_TASK INSTRUCTIONS_
Every record below should be repeated exactly. Omit the pictures.

_INPUT RECORDS_
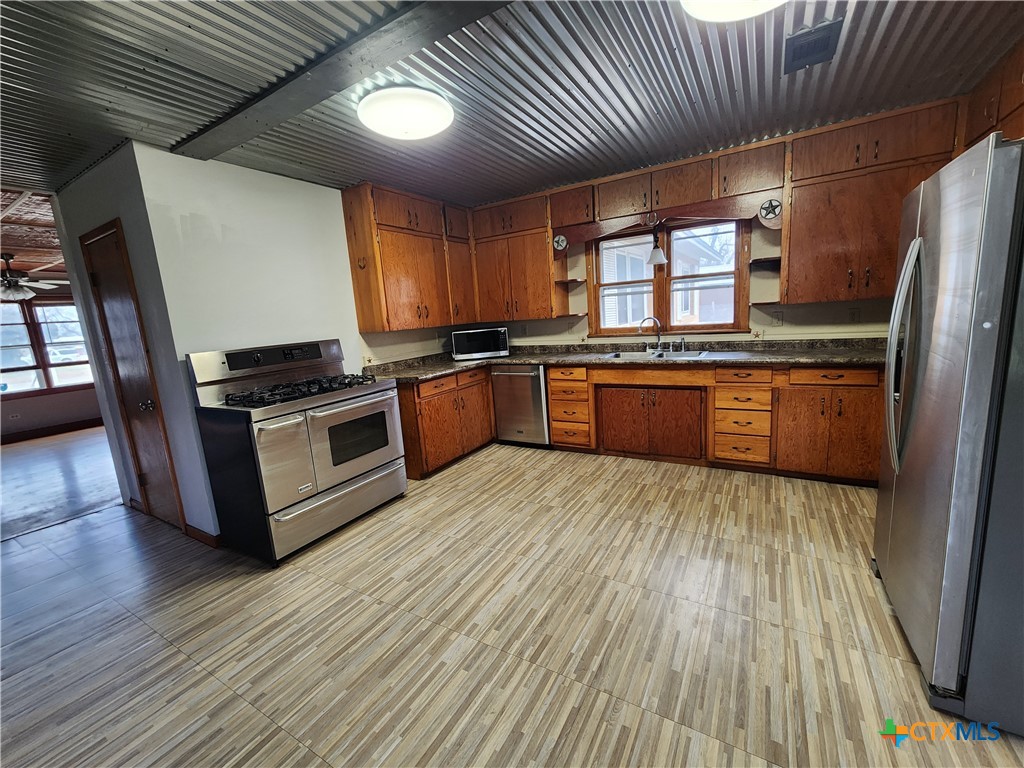 609 6th Street Moody, TX 76557 - Photo 13 of 43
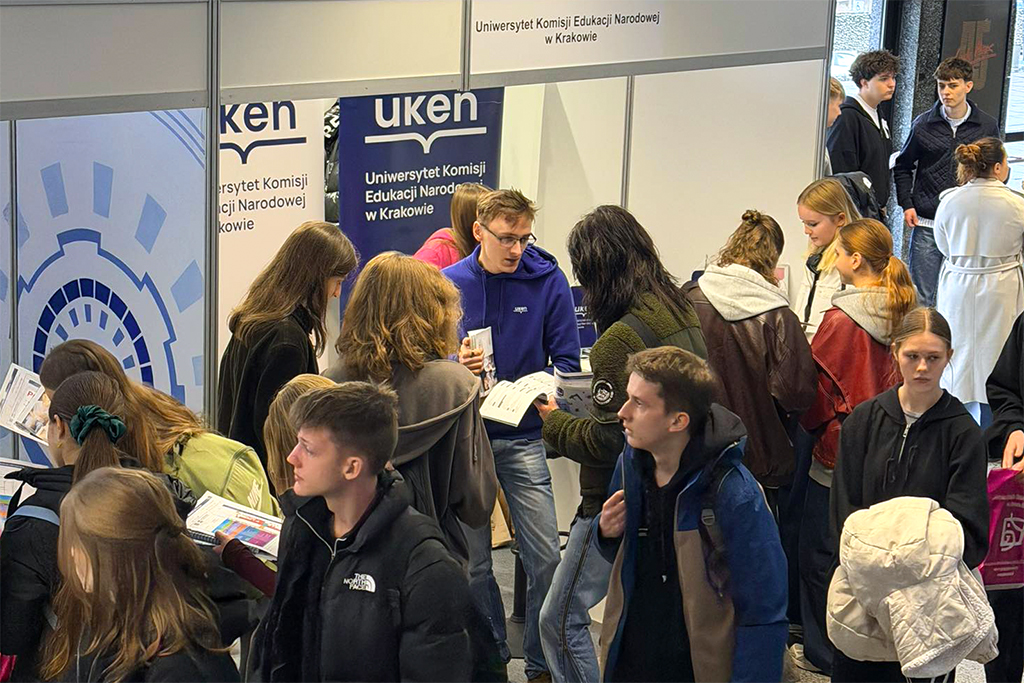 przedstawiciele UKEN prezentują ofertę Uczelni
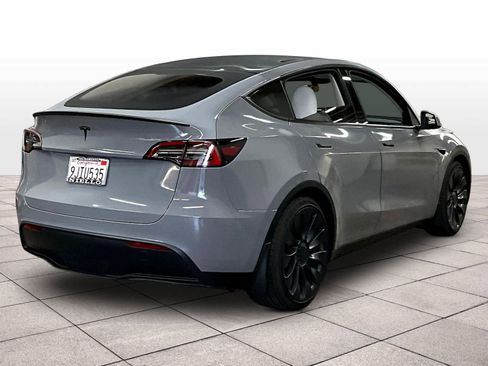 Used 2023 Tesla Model Y Performance image 15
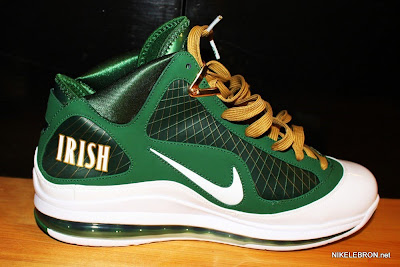 nike air max lebron 7 pe svsm away 2 05 Air Max LeBron VII (7) SVSM Away Player Exclusive Showcase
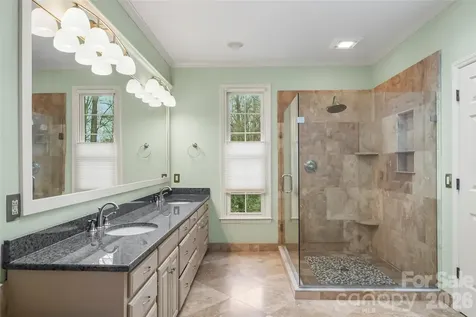 112 Parkland Street Morganton NC 28655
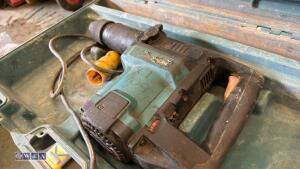 MAKITA 4500C 110v breaker c/w case - 5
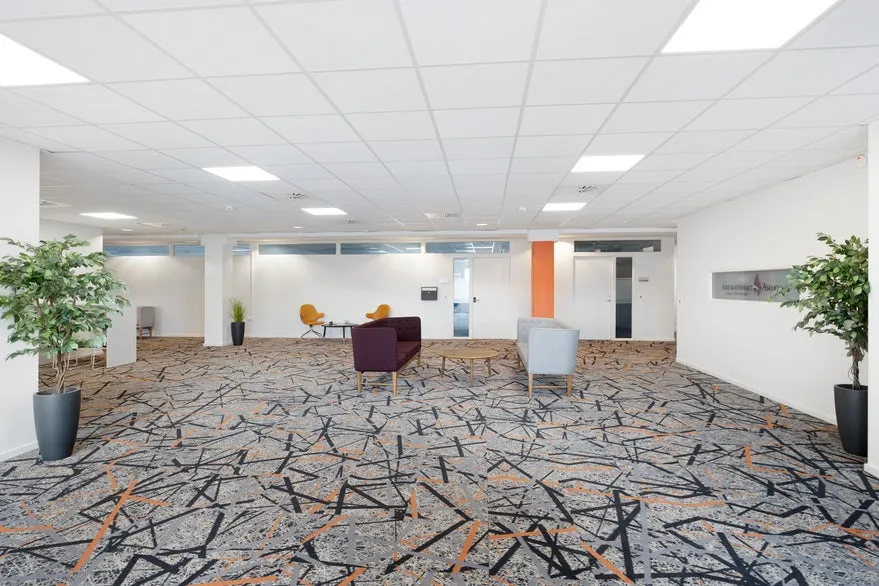 Esik - Office Space in Shared Building, Randers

_WRITTEN REPLY_
 609 6th Street Moody, TX 76557 - Photo 13 of 43
 przedstawiciele UKEN prezentują ofertę Uczelni
 Used 2023 Tesla Model Y Performance image 15
 nike air max lebron 7 pe svsm away 2 05 Air Max LeBron VII (7) SVSM Away Player Exclusive Showcase
 112 Parkland Street Morganton NC 28655
 MAKITA 4500C 110v breaker c/w case - 5
 Esik - Office Space in Shared Building, Randers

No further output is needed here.